The purpose of the conformation competition is to prove the quality of a breeding animal. That does not mean that those of us crazy enough to compete are not allowed to enjoy it as the wonderful hobby that it is.
Conformation shows are not meant to show which dog is the prettiest, but rather to show which dog most closely conforms to the written standard for the breed to which it belongs. The standard is decided by the parent club of that breed, which for AKC registered Cocker Spaniels is the American Spaniel Club.
The written standard states exactly what each part of the dog should look and feel like. It also states how the dog moves (gaits) and what the temperament should be, and the original purpose of the breed.
When a dog is being shown, each dog is observed stacked and moving, and physically examined by the judge in the class in which it is entered, then compared to others in the same class. The winners of each class are compared and Winners Dog or Bitch is chosen. Winners Dog, Winners Bitch, and any Champions of the Variety, in the case of Cockers, are then compared to choose Best of Breed or Variety. The Best of Variety is then judged against others of the same Group, in our case, the Sporting Group. The Best in Group then competes against the winners of all of the other groups for Best In Show.

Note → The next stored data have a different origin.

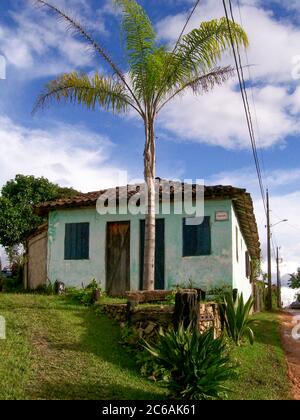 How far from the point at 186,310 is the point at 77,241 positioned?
778 cm

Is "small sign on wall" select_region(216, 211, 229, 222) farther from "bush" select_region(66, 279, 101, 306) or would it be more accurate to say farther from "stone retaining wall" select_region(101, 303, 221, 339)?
"bush" select_region(66, 279, 101, 306)

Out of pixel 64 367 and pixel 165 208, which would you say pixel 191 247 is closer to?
pixel 165 208

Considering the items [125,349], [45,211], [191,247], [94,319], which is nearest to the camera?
[125,349]

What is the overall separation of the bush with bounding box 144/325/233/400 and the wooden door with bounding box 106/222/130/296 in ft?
24.1

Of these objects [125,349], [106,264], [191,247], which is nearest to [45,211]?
[106,264]

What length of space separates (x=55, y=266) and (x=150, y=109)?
624 centimetres

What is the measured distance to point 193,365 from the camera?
6.83m

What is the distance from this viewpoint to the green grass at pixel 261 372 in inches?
299

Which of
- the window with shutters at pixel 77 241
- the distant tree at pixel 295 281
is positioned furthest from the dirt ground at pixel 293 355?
the distant tree at pixel 295 281

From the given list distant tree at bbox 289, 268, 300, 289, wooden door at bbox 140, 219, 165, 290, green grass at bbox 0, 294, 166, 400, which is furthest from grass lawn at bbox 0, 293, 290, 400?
distant tree at bbox 289, 268, 300, 289

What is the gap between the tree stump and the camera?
8102 mm
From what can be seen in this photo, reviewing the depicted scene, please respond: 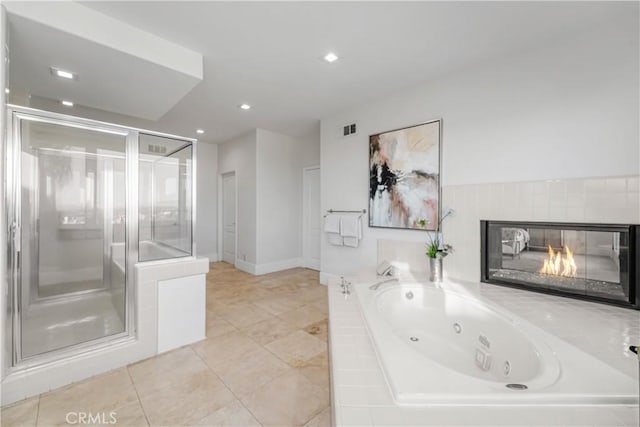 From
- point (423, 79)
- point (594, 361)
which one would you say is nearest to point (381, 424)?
point (594, 361)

In order to become a champion, a dog must earn 15 points, including two major wins under two different judges. A major, determined by the number of dogs defeated in any given breed, is three or more points won at one show.
A dog must be six months of age or older in order to be eligible to earn points. Match shows are a good way to train your dog before it is old enough to be shown for points. They are less expensive to enter, more relaxed, and a good way for both you and your puppy to learn. Also, in most areas of the country, kennel clubs will offer what are called "handling classes". An experienced show person will hold weekly classes, offering advise and an opportunity for both you and your dog to practice the skills necessary to win in a real show.
Once your dog has won enough points to complete its championship, it may be shown as a champion, called "specialing". This is done for a couple of reasons. Points are earned each year a "special" is shown for "rankings", or where the dog ranks with the other specials being shown that year. It's also a good way to show your dog to other members of the fancy who may wish to breed to him, or in the case of a female, purchase a puppy from her or from your lines. A dog can be specialed for as long as the owner, or the dog wish. There are special classes at most specialty shows for veterans, the older dogs. Dog shows are a sport that both professionals and amateur owner/handlers can compete against each other. Usually, but not always, a newcomer to showing must "pay their dues", meaning lose a lot while learning the ropes. Some people are naturals, and have the knack of showing their dogs almost from the beginning. This is rare, but it does happen. It's a great hobby and you can show your dog as much or as little as you want or can afford. Even kids can compete. There are classes for Junior handlers at most shows for kids eight years or older. There are no age limitations in the regular classes, and children as young as four or five have taken dogs into the ring, and sometimes win the points. Parents must, of course, use common sense when allowing a child to show a dog, making sure that the child is able to control the dog at all times, but there are no rules against a youngster showing in regular conformation classes at any age. You can order booklets with all the rules from AKC, and should definitely do so before entering a show. You should be familiar with all rules before showing.